REPORTS

Report on the 1st BAIRAL Research Meeting for Fiscal Year 2025
“Watching and Being Watched: When Environmental Design Meets Crime Prevention”

Priya Mu (Research Assistant, B’AI Global Forum)

・Date: Wednesday, June 11, 2025, 5:00-6:30 pm (JST)
・Venue: Online via Zoom (No registration required)
・Language: English
・Guest Speaker: Dr. Sihan YANG (Project Researcher, Collaborative Community Design Lab, University of Tokyo)
・Moderator: Priya Mu (Research assistant of the B’AI Global Forum)
Click here for details on the event

The 1st BAIRAL research meeting for 2025 was held on June 11, 2025. This time, we invited Dr.
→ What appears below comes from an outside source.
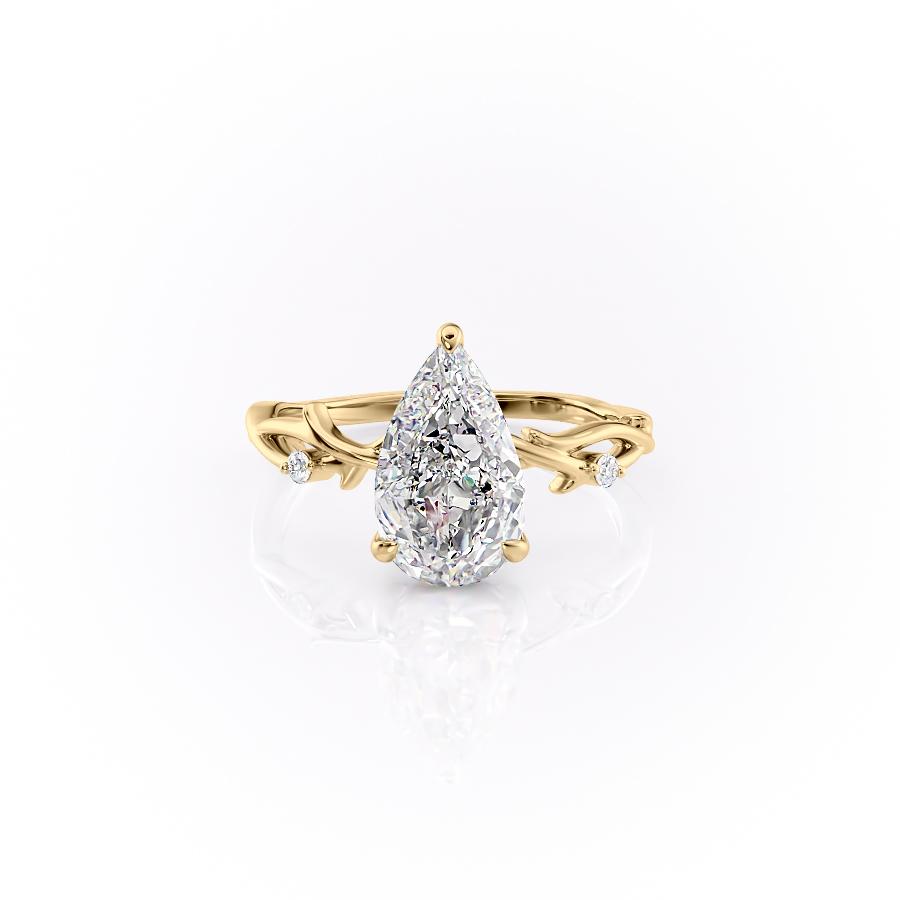 2 CT Pear Cut Solitaire Twig Style Moissanite Engagement Ring - crownmoissanite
Sihan YANG, a Project Researcher at the Collaborative Community Design Lab, University of Tokyo, to speak on the theme of “Watching and Being Watched: When Environmental Design Meets Crime Prevention.”

Dr. Yang presented her research on crime prevention through environmental design (CPTED) with a focus on smart surveillance in Japan, particularly in Kakogawa City. With a PhD in urban engineering, her work bridges urban planning and community-level crime studies. She began with historical theories of crime prevention, referencing influential ideas such as Jane Jacobs’ “eyes on the street” and Oscar Newman’s “defensible space,” evolving into CPTED’s six principles like surveillance, access control, and territoriality.

Her talk contextualized these ideas within the smart city paradigm, discussing the role of technologies like GIS crime mapping and AI-driven surveillance. She emphasized the increasing integration of digital surveillance in Japan, especially in small cities. Kakogawa, once known for high crime rates, implemented over 1,500 “Mimamori” surveillance cameras covering all residential zones. These cameras, often paired with Bluetooth tag detectors, provide real-time location tracking for vulnerable individuals, such as elderly residents with dementia or schoolchildren, enhancing both security and community trust.

Dr. Yang’s fieldwork in Kakogawa involved site inspections and resident surveys across three distinct districts—central, suburban, and residential. Her findings indicated that while camera density was highest across all areas, crime rates and perceived safety varied significantly. Notably, areas with better environmental design and active community engagement exhibited lower crime rates, suggesting that surveillance alone is insufficient. Social cohesion and urban design significantly influenced public security outcomes.

Residents showed high acceptance of surveillance technologies, attributed to both proactive governmental transparency and limited interpersonal community ties, prompting reliance on technology for safety. Dr. Yang noted a cultural alignment in Japan that supports collective responsibility and order, illustrated by neighborhood nameplates and local participation in digital monitoring efforts.

She concluded by reflecting on ethical dilemmas such as privacy intrusion, potential discrimination, and over-reliance on technology. Her study underscores that while smart surveillance contributes to urban safety, sustainable crime prevention requires a balance of technological infrastructure, human participation, and inclusive urban design. Her final message: digital eyes and human eyes must complement—not replace—each other in building safer communities.